Suç alemi ile olan etkileşimi, ünlü mafya liderlerinin siyasete müdahil olma biçimlerinden her düzeyde görev yapan siyasetçilerin davranış ve söylemlerine kadar her alanda gözlemleyebiliyoruz. Burada dikkat çekmek istediğim önemli bir husus hukuk ile siyaset arasındaki etkileşimin zayıflamasına simetrik olarak suç dünyası ile siyaset arasındaki etkileşimin artmasıdır. Cumhurbaşkanlığı hükümet sistemi adı altında deneyimlediğimiz yeni rejim, kuruluş esası ve varlık sebebi itibarıyla kendine özgü bir hukuki rasyonalite yaratamamıştır. Zira güçler ayrılığının olmadığı bir yerde anayasanın ve elbette hukukun var olduğundan söz edilemez. Zaman geçtikçe suç dünyasına özgü “karizmatik liderler” siyasetçinin destekçisi, rol modeli veya dostu olarak buradaki boşluktan içeri girebilmektedir. Etkileşim sadece sesi çok çıkan gazetecileri susturmak için ısmarlanan saldırılardan ibaret değil. Zaman zaman suç liderlerinin de siyasete kendi anlayışları ve çıkarları doğrultusunda müdahil olduğunu, hatta etki yaratabildiğini görüyoruz.

Elbette siyasi tarihimizde bu tür saldırılar ilk defa olmuyor.
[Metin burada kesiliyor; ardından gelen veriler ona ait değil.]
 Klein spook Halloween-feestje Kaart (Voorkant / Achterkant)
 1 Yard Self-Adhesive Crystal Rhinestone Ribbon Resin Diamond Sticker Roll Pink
Mesela daha önce Ahmet Türk’e veya Kemal Kılıçdaroğlu’na değişik şekillerde saldırı yapılmıştı. Ancak bu saldırılarda belli bir ideolojik yaklaşıma, belli bir ideolojik görüş açısına, örneğin milliyetçiliğe veya muhafazakarlığa özgü bir bağnazlık temel bir güdü olarak öne çıkıyordu. Bugün yaşanan etkileşimin sonucu bu bakımdan da belirsiz, muğlak bir karışım olmanın ötesine geçememektedir. Mesela sokak saldırılarının üstlenilme biçimi dahi siyasetten çok suç alemine özgü pratikleri andırmaktadır. İktidar bir yandan “terör” kavramıyla meşru ve seçilmiş muhalefeti kriminalize ederek siyaset dışına itmeye çalışırken, diğer yandan suç dünyasını yerli ve milli olma, devlet için fedakarlık yapma gibi ölçütler üzerinden “nezihleştiriyor”. Bu tarzlar arasındaki etkileşimin esas zeminini de “suç” karşısında izlenen mahiyeti itibarıyla ikircikli, geçirgen bir stratejiyle siyaseti dönüştürmek oluşturuyor. Suç, sözcüğün geniş anlamıyla her zaman politik bir mesele olmuştur. Ama bugün yaşanan, parti siyasetinin tanımlandığı dar alanın bu suç dünyası mantığının etkisi altına girmesidir. Umarım Cumhur ve Millet ittifaklarının dışında adı konmamış, görünmeyen bir ittifak olarak bu gücün etkisinin daha da artmasına tanıklık etmek durumunda kalmayız.